Give the listing again exactly, omitting its images.

##### INFORMATION SHOWN #####

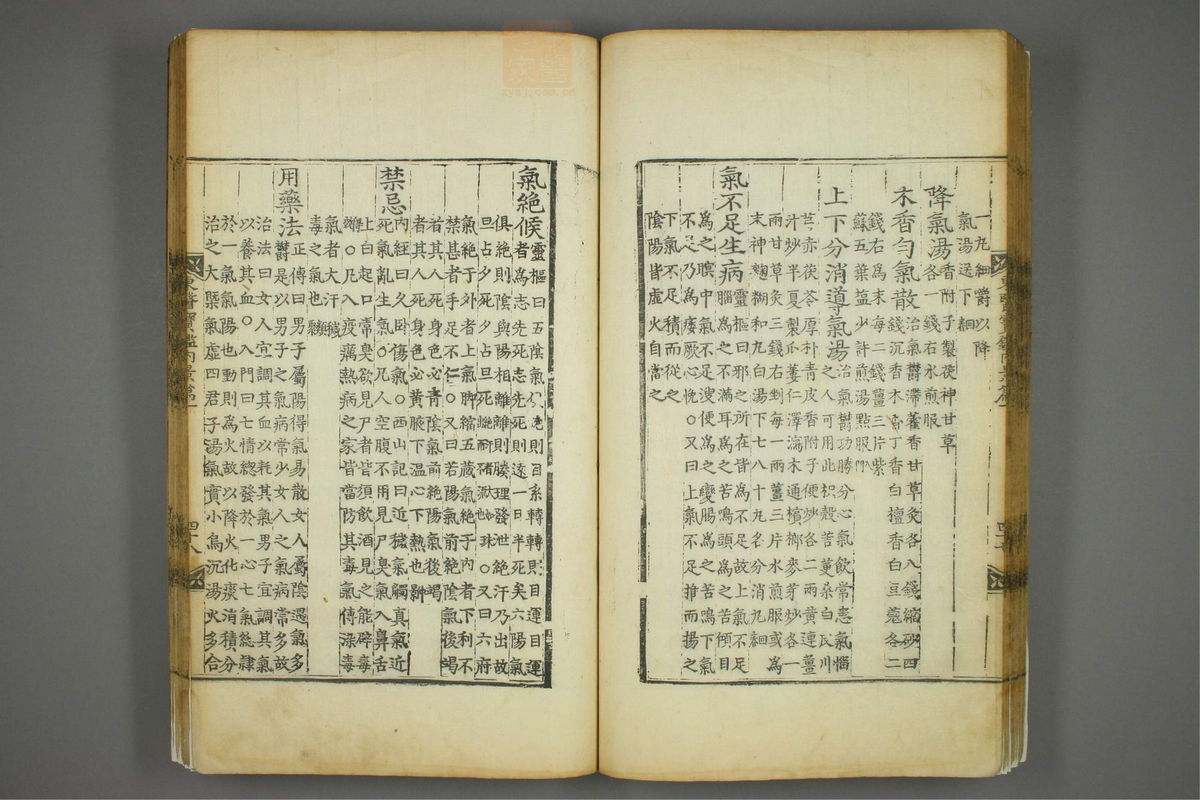 东医宝鉴(第186页)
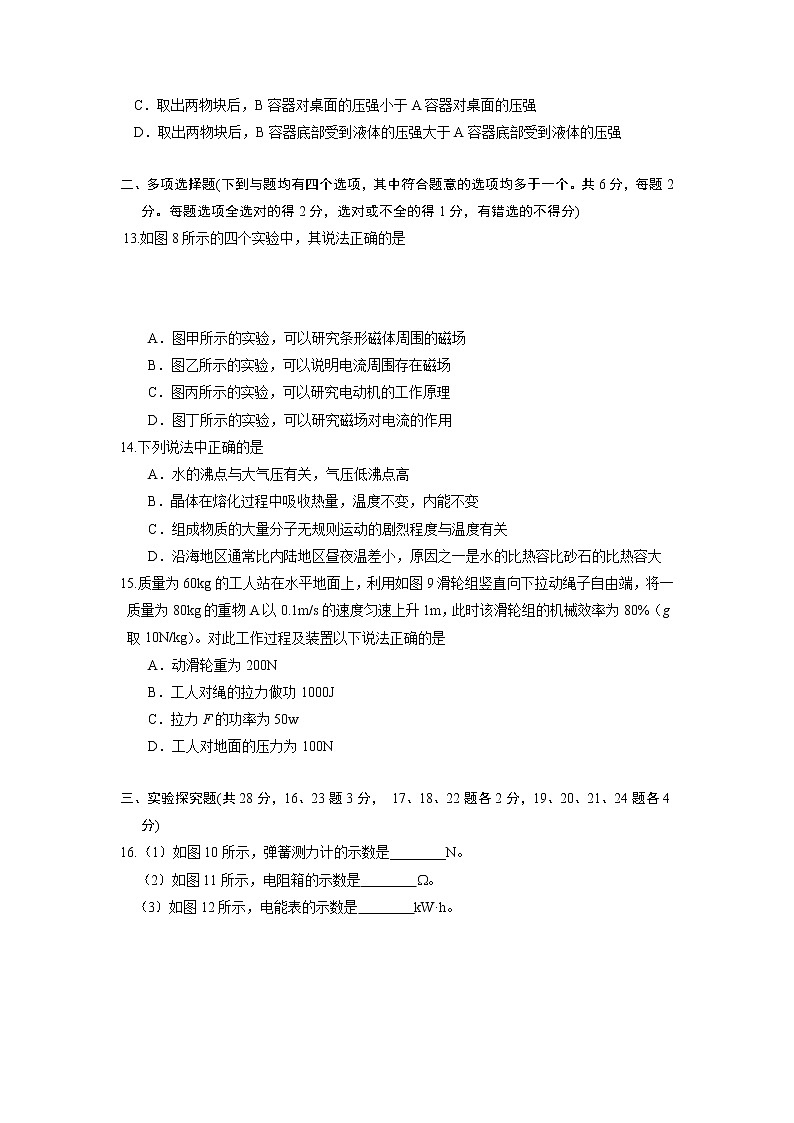 2022年北京市门头沟区综合练习（一模）+物理试题03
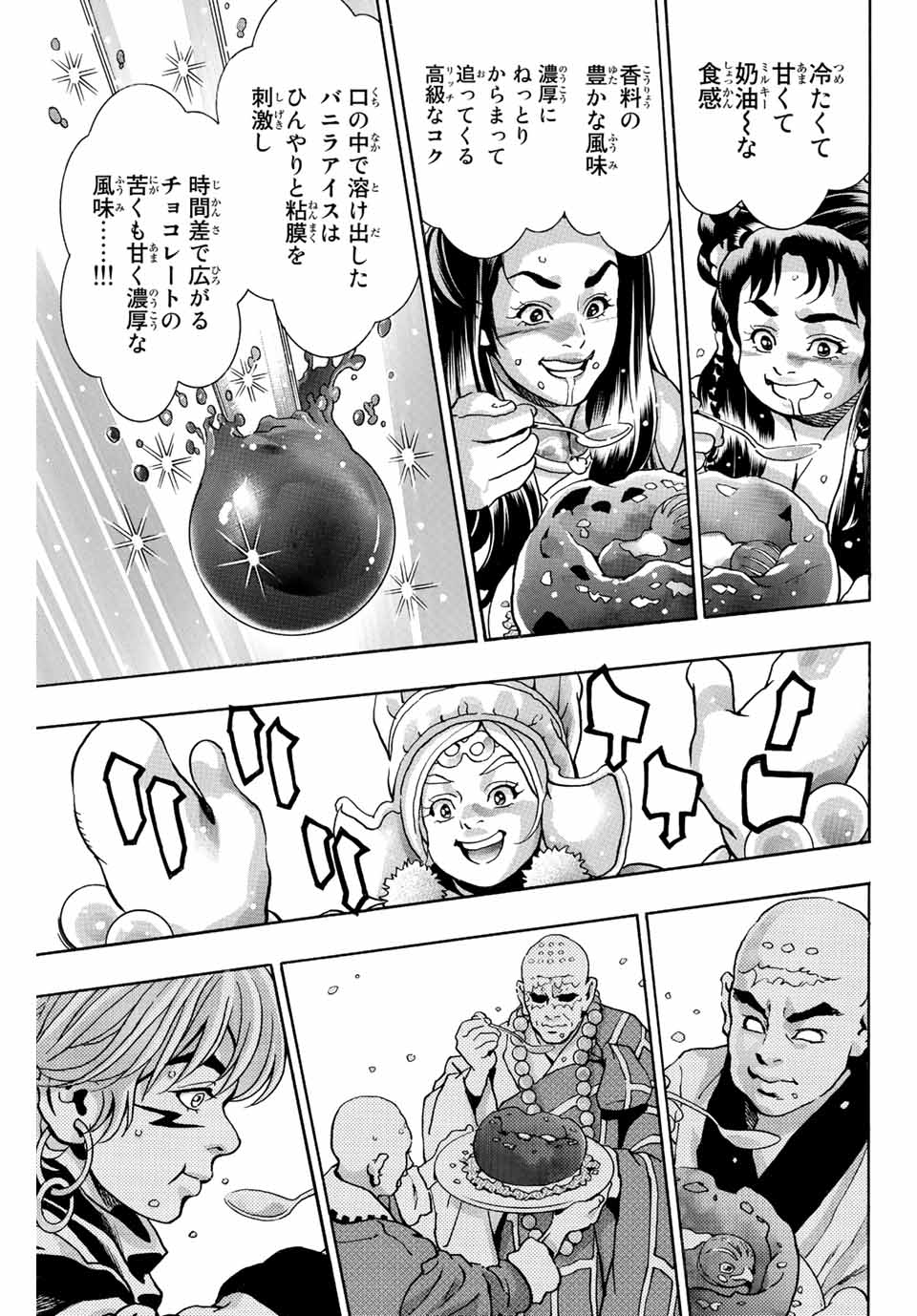 Chuuka Ichiban! Kiwami Chapter 132 13ページ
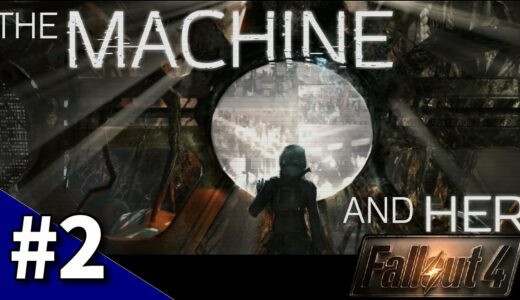 【Fallout 4】AIと少女の絆...フルボイスコンパニオン追加&クエストMod「The Machine and Her」をプレイ Part2【フォールアウト4】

#####

=== ANSWER TO THE EXERCISE ===
 东医宝鉴(第186页)
 2022年北京市门头沟区综合练习（一模）+物理试题03
 Chuuka Ichiban! Kiwami Chapter 132 13ページ
 【Fallout 4】AIと少女の絆...フルボイスコンパニオン追加&クエストMod「The Machine and Her」をプレイ Part2【フォールアウト4】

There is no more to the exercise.